§ Work to complete:
Set down the line containing "Brick road apron" and each line after it through the last line of the records, exactly, leaving pictures out.

━━━━━━━━━━

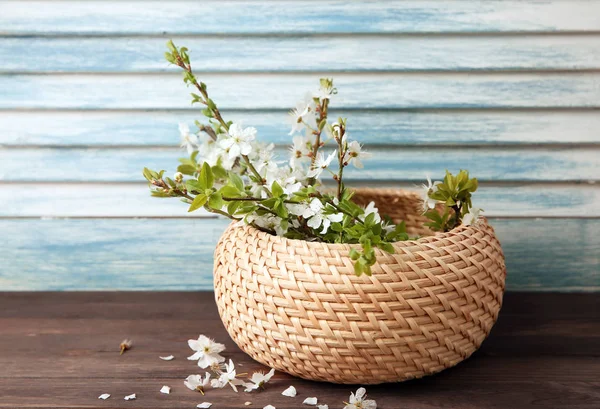 Wicker box with blossoming branches on wooden table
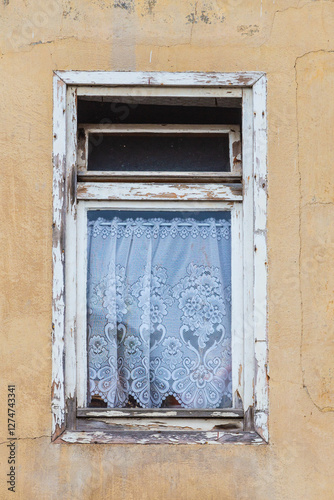 flower decoration in the curtain and rotten wooden window frame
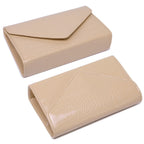 Two beige leather wallets on a white background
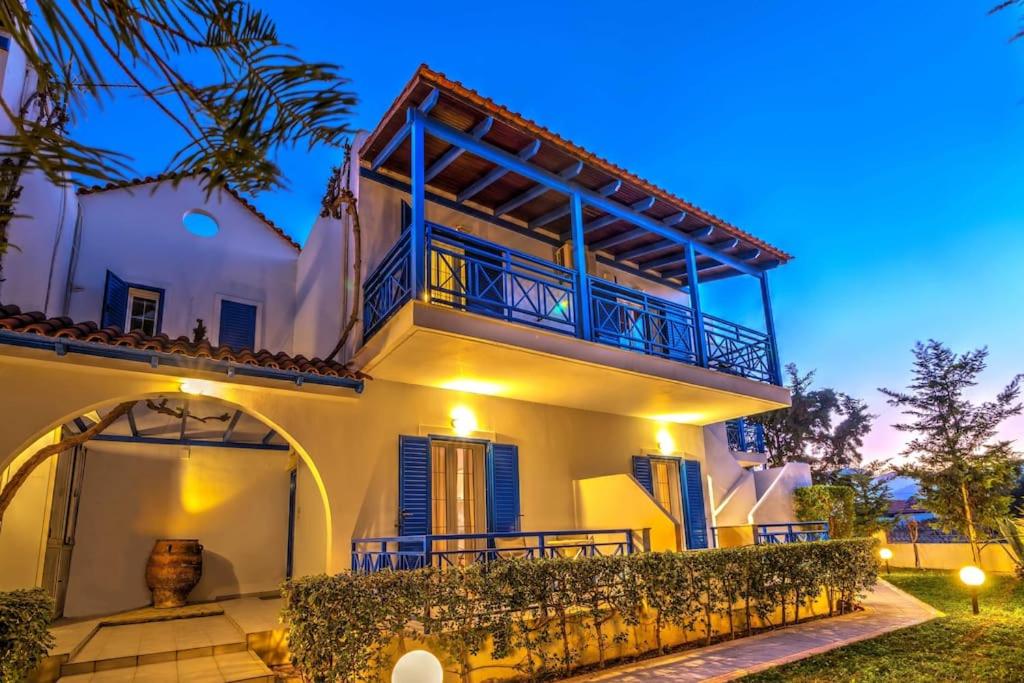 a large white house with a balcony at night at Cretan Dawn Apart, Value Option in Ammoudara in Ayía Marína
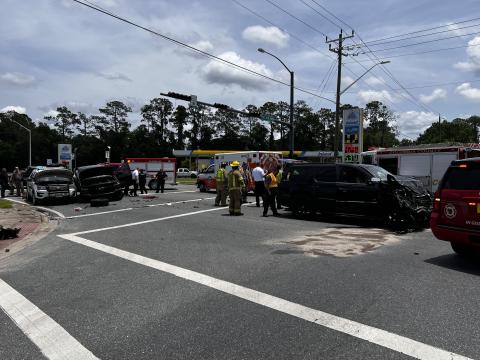 First responders clean up the intersection of SE Baya Drive and State Road 100 on Monday afternoon following a three-vehicle accident, including a Lake City Police Department SUV. (JAMIE WACHTER/Lake City Reporter)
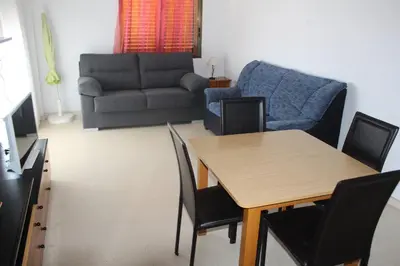 a living room with a table and a couch at Jardin II Solo Familias Serviplaya in Playa de Xeraco
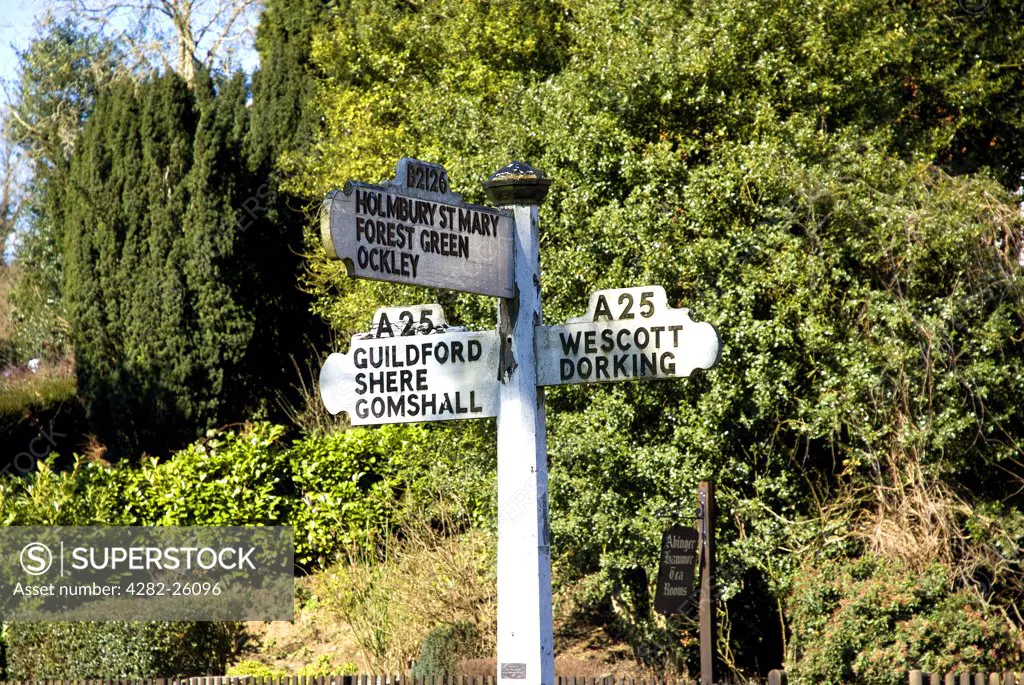 England, Surrey, Abinger Hammer. An old road sign at crossroads in Abinger Hammer.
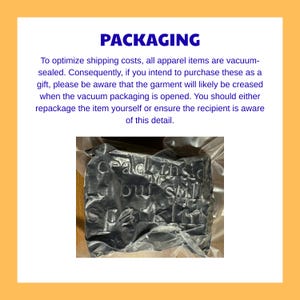 May include: A vacuum-sealed package containing an apparel item. The text on the package is partially visible, with the words "ceadkinsic bussill" discernible. The packaging is transparent, allowing a glimpse of the contents.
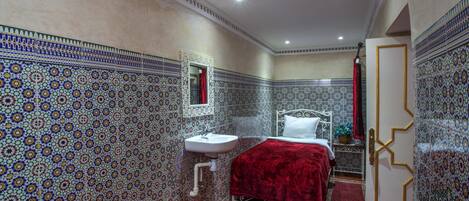 Une pièce dont les murs sont recouverts de carreaux à motifs, avec un lavabo blanc, deux lits avec une literie rouge et une porte dotée d’un cadre doré.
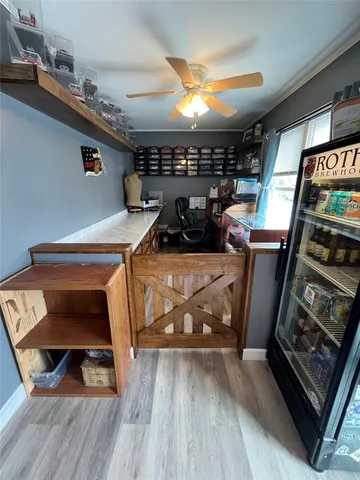 a view of walk in closet with clothes
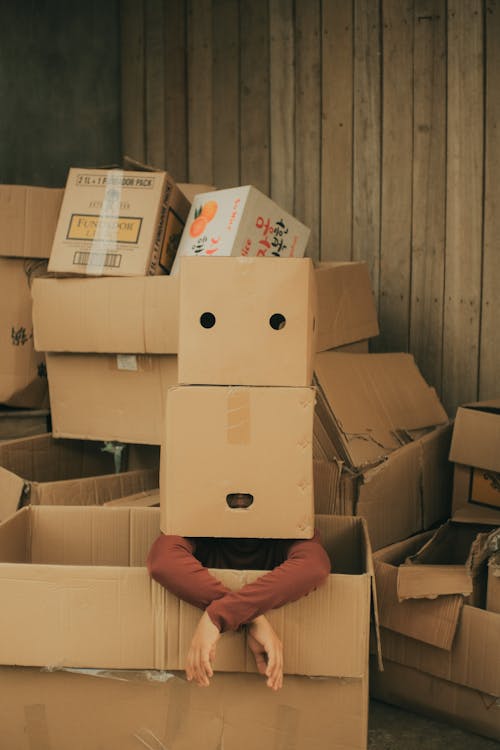 Free Faceless person sitting in big box with carton box on head wearing casual clothes near wall in light place Stock Photo
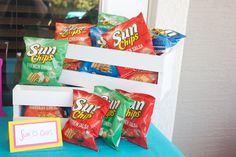 some chips are sitting on a table with a sign and candy bar in the background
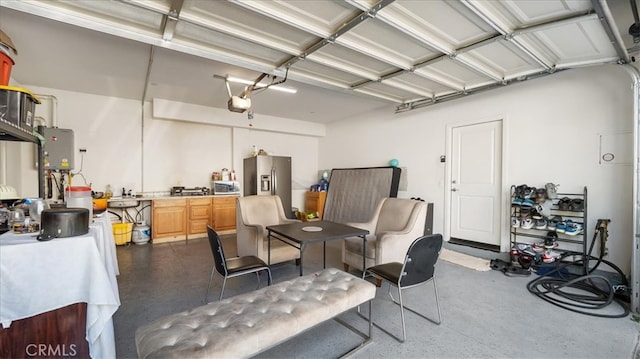 garage featuring a garage door opener, water heater, and stainless steel refrigerator with ice dispenser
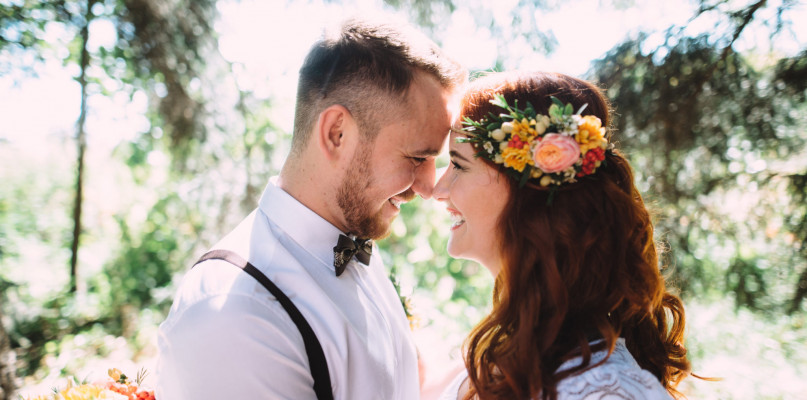 Portrait of a happy newlywed couple. Loving couple looking at each other and laughing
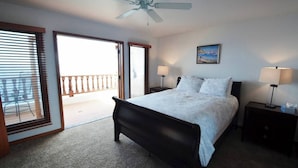 A bedroom with a bed, two bedside tables with lamps, a ceiling fan, and a balcony door.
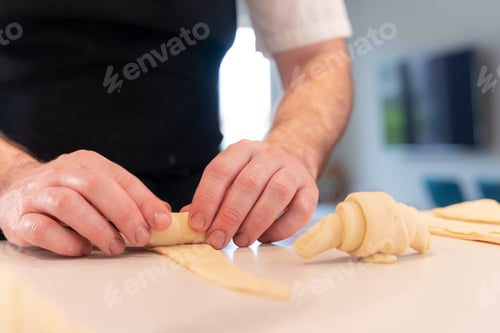 Preview: Hands of a man cooking small croissants at home, shaping with the puff pastry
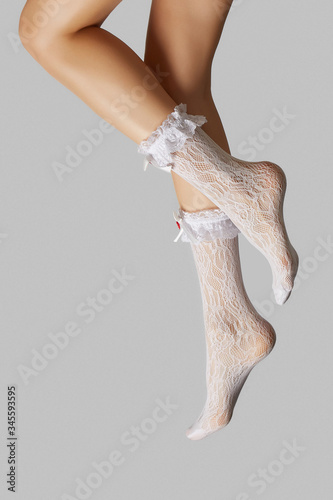 Cropped subject shot of female legs in white lace socks with wide ruffles and silk bows with fabric application on the rims. The photo is made on the gray background. 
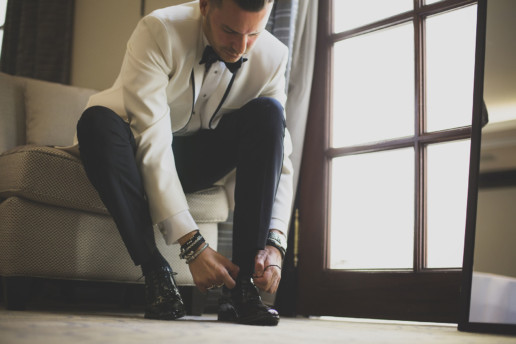 A man ties his glossy shoes before his wedding in his suite at the Ritz-Carlton hotel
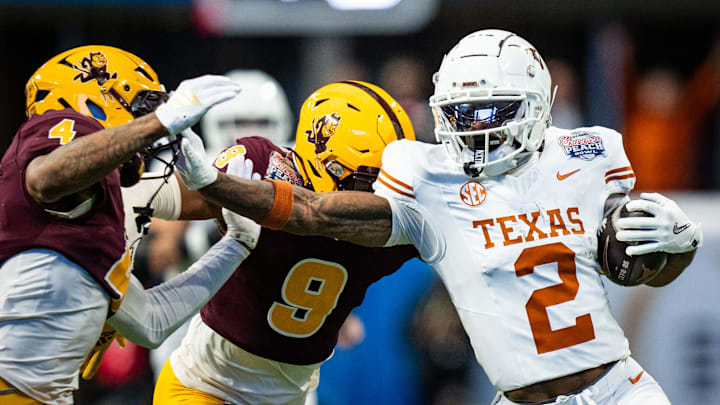 Texas Longhorns wide receiver Matthew Golden (2) grabs the facemark of Arizona State Sun Devils defensive back Myles Rowser (4) as he runs the ball in the first quarter as the Texas Longhorns play the Arizona State Sun Devils in the Peach Bowl College Football Playoff quarterfinal at Mercedes-Benz Stadium in Atlanta, Georgia, Jan. 1, 2025.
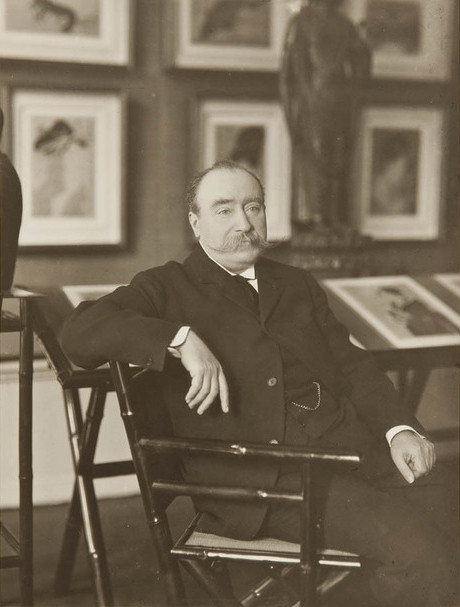 Photograph of Isaac de Camondo, sitting on a chair, looking at the camera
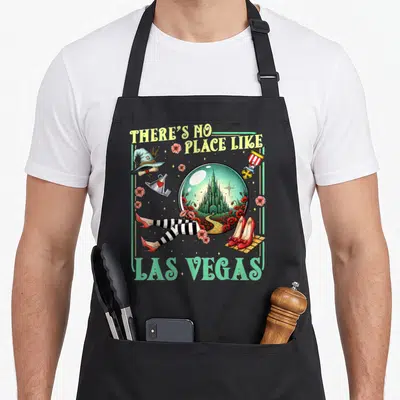 Brick road apron - There's No Place Like Las Vegas text surrounding a snow globe with castle, witch hat, and striped — shown on a black cotton canvas apron against a white background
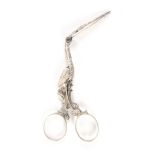 A pair of Dutch silver stork form ribbon scissors, the bird with jewelled eyes, opening to reveal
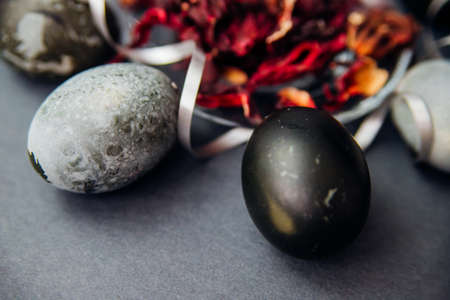 Painted Easter eggs with the effect of marble stone, painted with natural hibiscus tea karkade. A postcard for the celebration of Easter. Texture and festive background.の写真素材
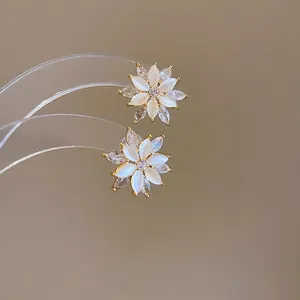 Exquisite gold floral stud earrings with white cat-eye stones and cubic zirconia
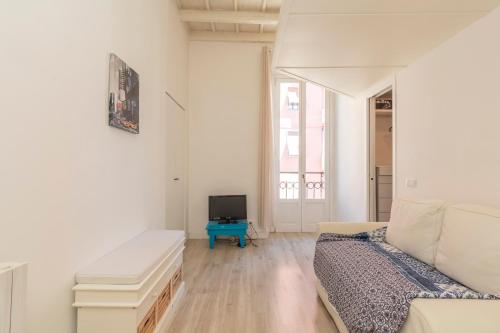 uma sala de estar branca com uma cama e uma televisão em [New flat] Crocetta 2 em Milão
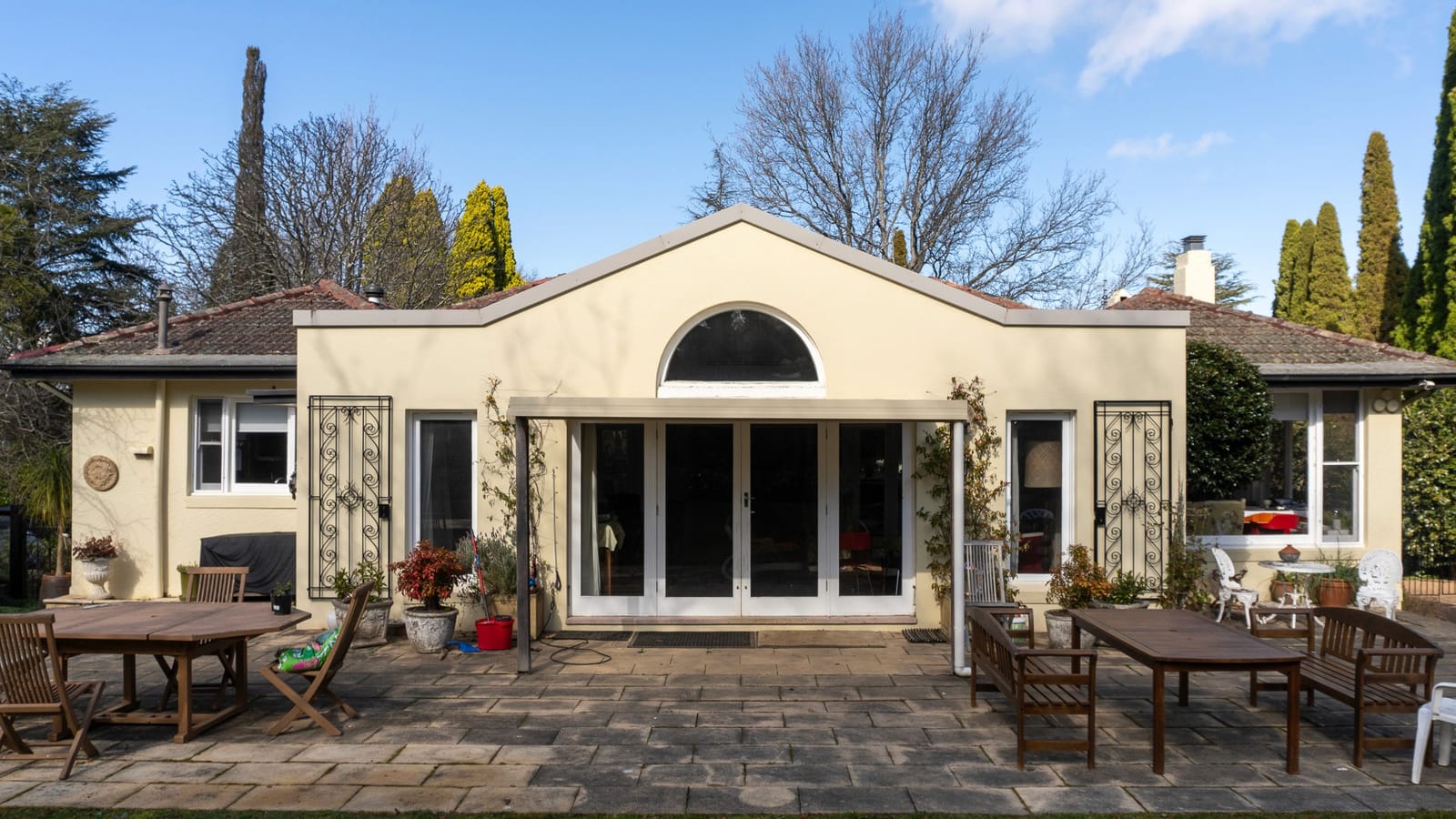 Beatrice Park in sunshine, with outdoor furniture set out on the paved terrace beneath an arched window.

━━━━━━━━━━

§ Reply to the task:
 Brick road apron - There's No Place Like Las Vegas text surrounding a snow globe with castle, witch hat, and striped — shown on a black cotton canvas apron against a white background
 A pair of Dutch silver stork form ribbon scissors, the bird with jewelled eyes, opening to reveal
 Painted Easter eggs with the effect of marble stone, painted with natural hibiscus tea karkade. A postcard for the celebration of Easter. Texture and festive background.の写真素材
 Exquisite gold floral stud earrings with white cat-eye stones and cubic zirconia
 uma sala de estar branca com uma cama e uma televisão em [New flat] Crocetta 2 em Milão
 Beatrice Park in sunshine, with outdoor furniture set out on the paved terrace beneath an arched window.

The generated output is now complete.